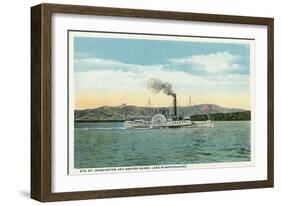 Lake Winnipesaukee, Maine - Mt. Washington Steamer, Ossipee Range View-Lantern Press-Framed Art Print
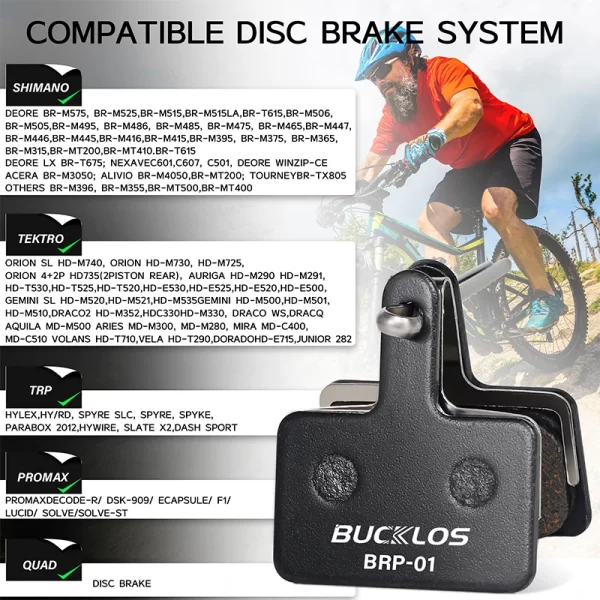 bucklos semi metal mountain bike disc brake pads semimetallic hydraulic disc brake pad bicycle brake pads for shimano b01s b05s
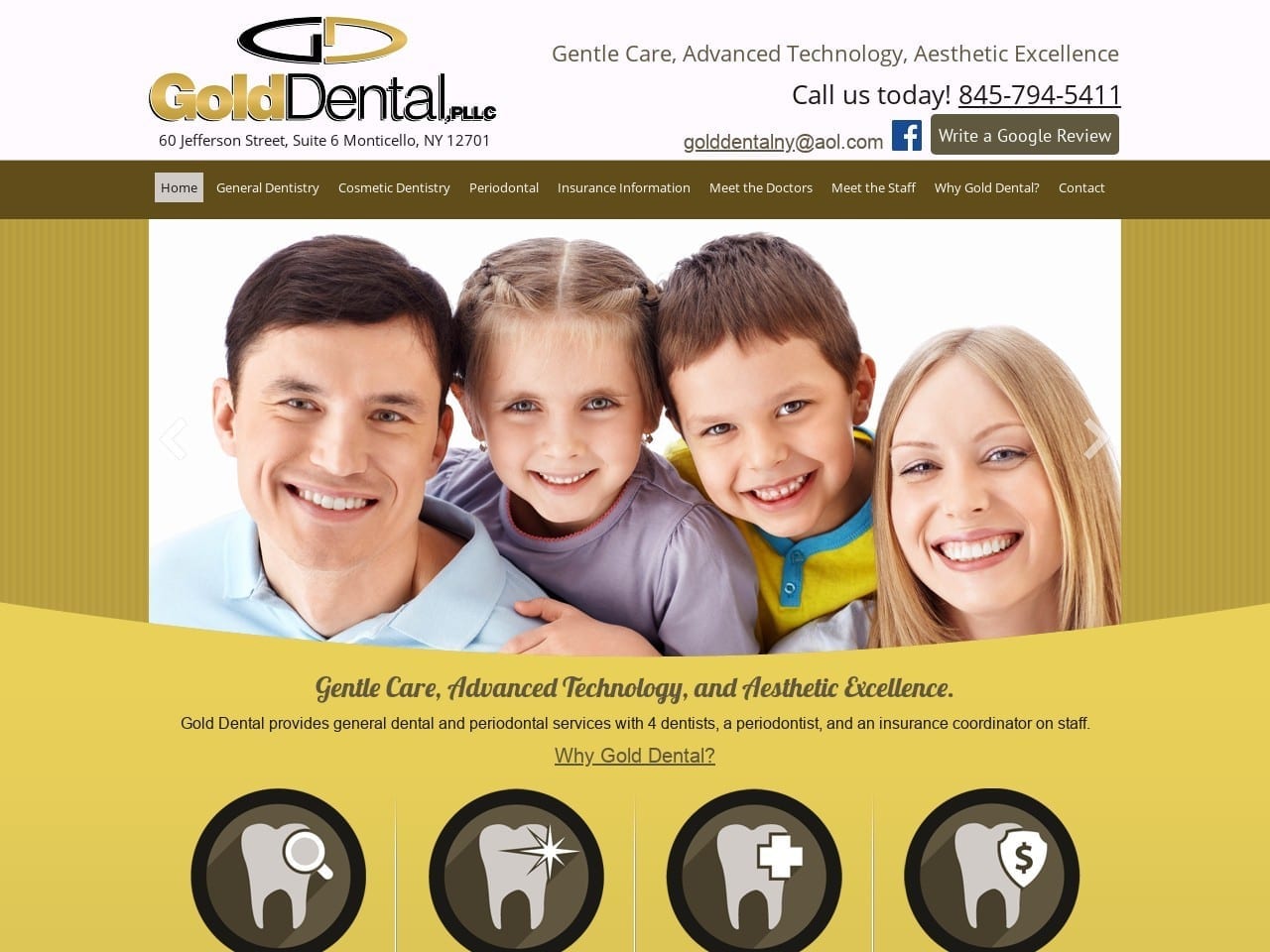 Dr. Brian Gold DDS Website Screenshot from golddentalny.com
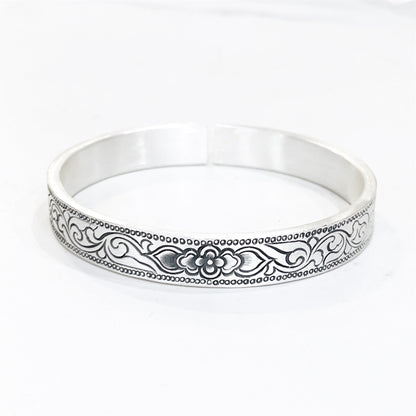 Ethnic pattern sterling silver bracelet - jewelry - weilin.com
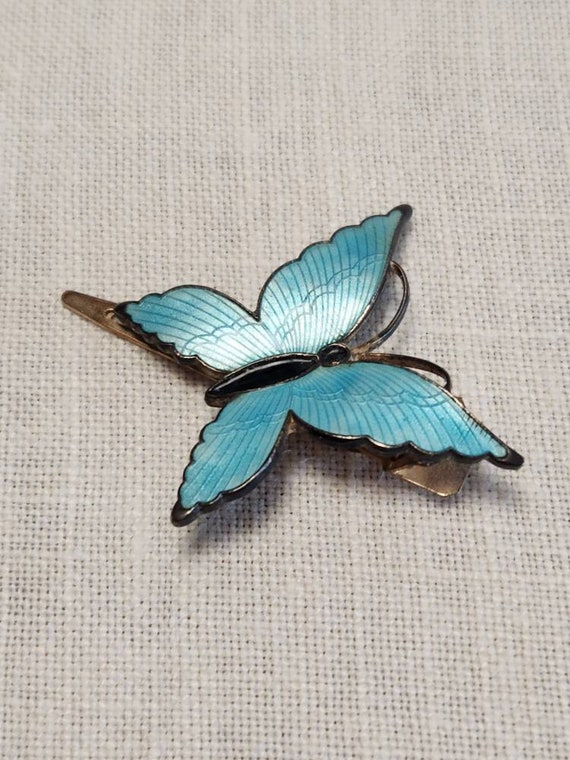 Blue Cloisonne On Gold Toned Butterfly Hair Clip … - image 5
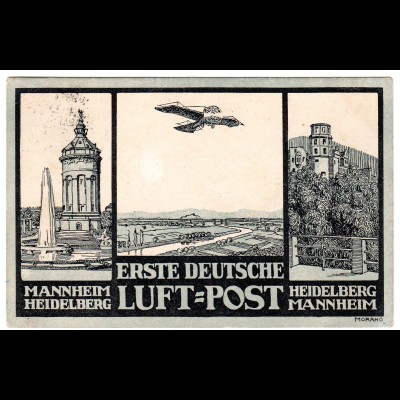 "Erste Deutsche Luft-Post" Sonderkarte und Flugpoststempel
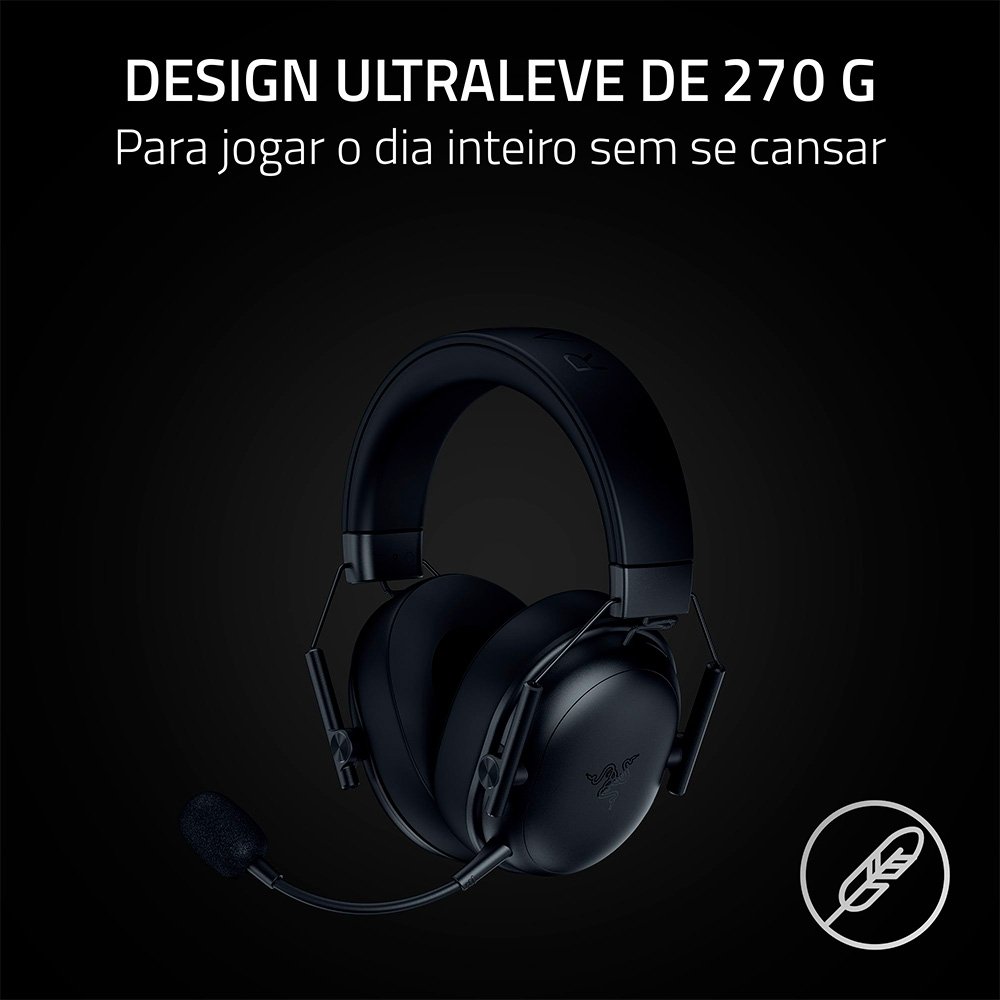 Headset Sem Fio Gamer Razer Blackshark V3 X HyperSpeed, Drivers 50mm, Ultra-Leve, Preto - RZ04-05420100 - view 5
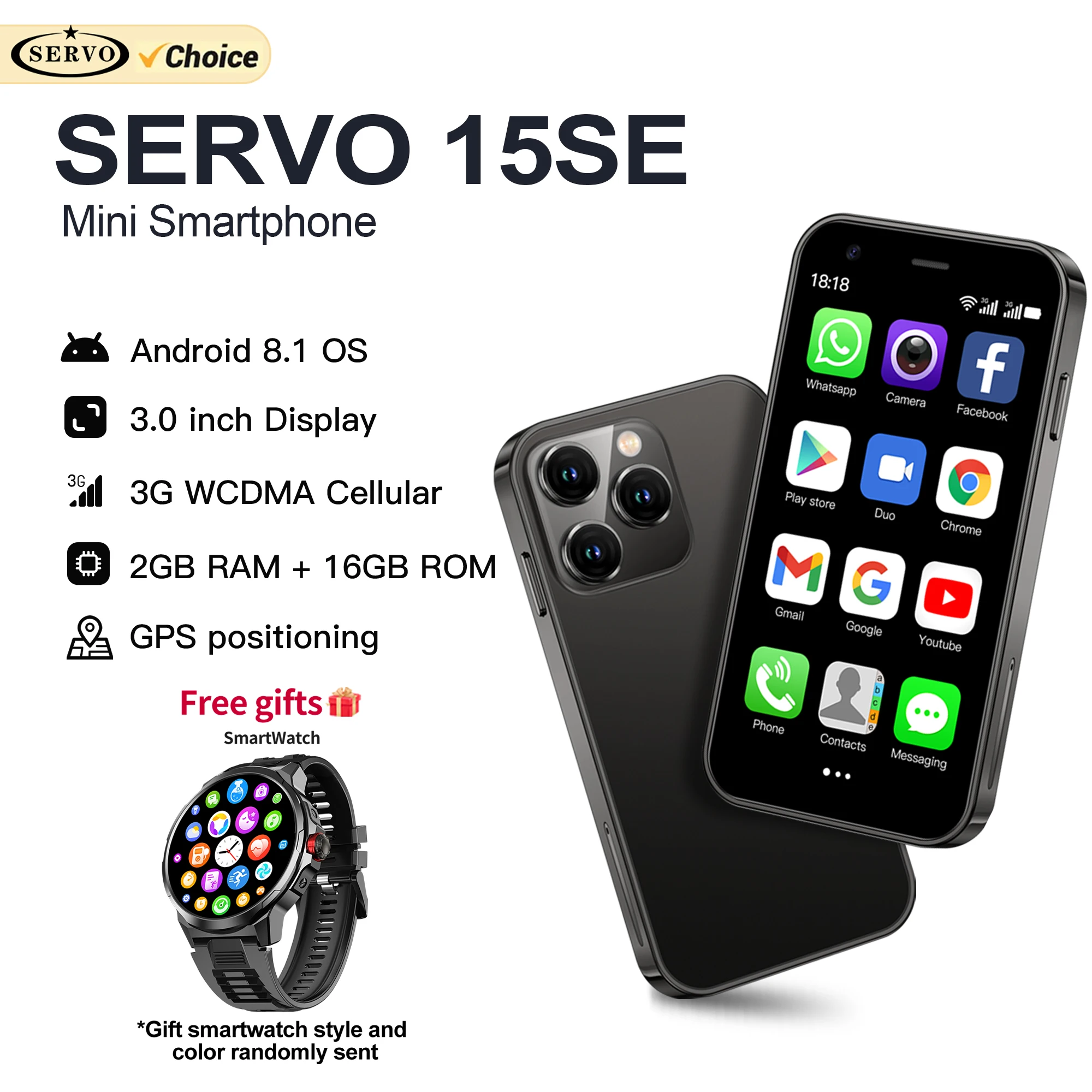 Free Smartwatch! SERVO 15SE Mini Smart Phone 3G WCDMA Android System 2GB+16GB WiFi Hotspot 3.0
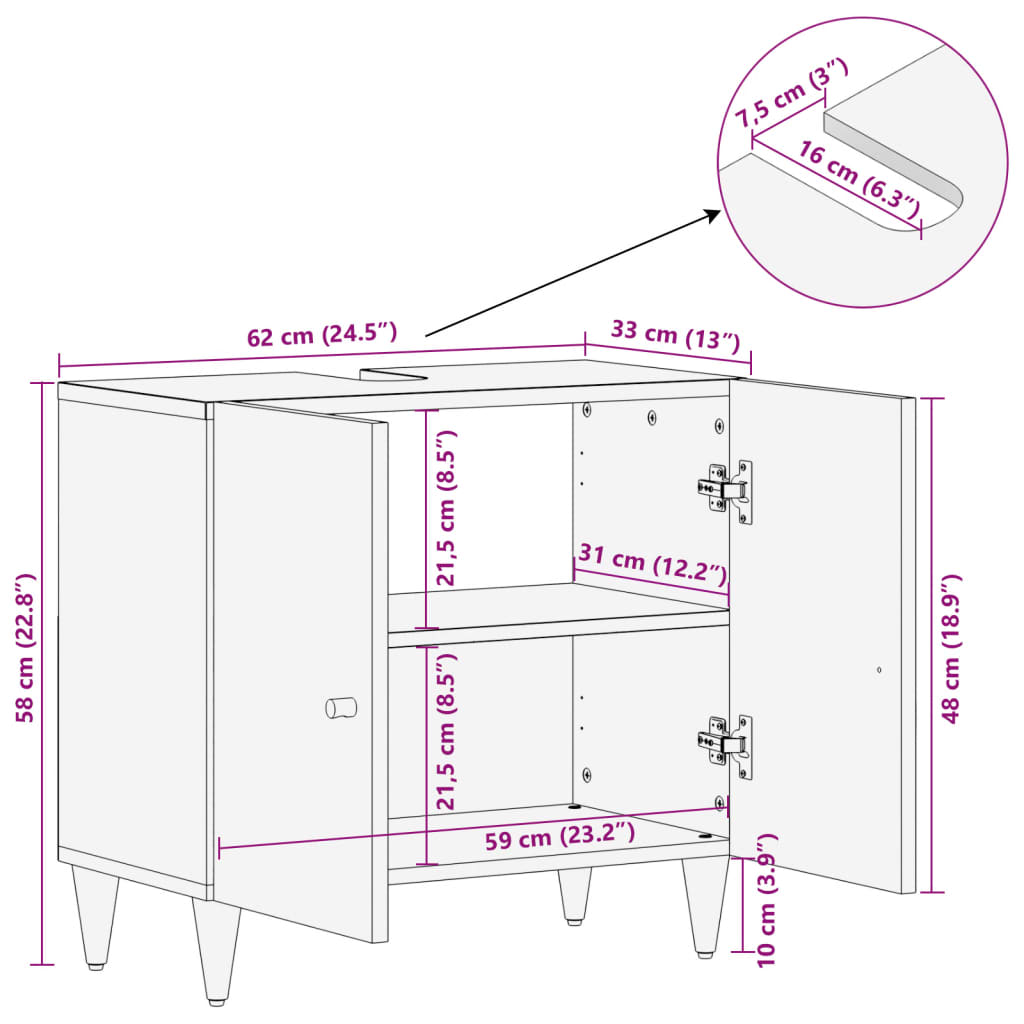 vidaXL Servantskap 62x33x58 cm heltre mango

━━━━━━━━━━━━━━━━━━━━━━━━━━━━━━

About this task: In the copy, include exactly the lines from the one with "Blue Cloisonne On" through the final line of the data, both ends included, and no pictures.

Solved exercise:
 Blue Cloisonne On Gold Toned Butterfly Hair Clip … - image 5
 "Erste Deutsche Luft-Post" Sonderkarte und Flugpoststempel
 Headset Sem Fio Gamer Razer Blackshark V3 X HyperSpeed, Drivers 50mm, Ultra-Leve, Preto - RZ04-05420100 - view 5
 Free Smartwatch! SERVO 15SE Mini Smart Phone 3G WCDMA Android System 2GB+16GB WiFi Hotspot 3.0
 vidaXL Servantskap 62x33x58 cm heltre mango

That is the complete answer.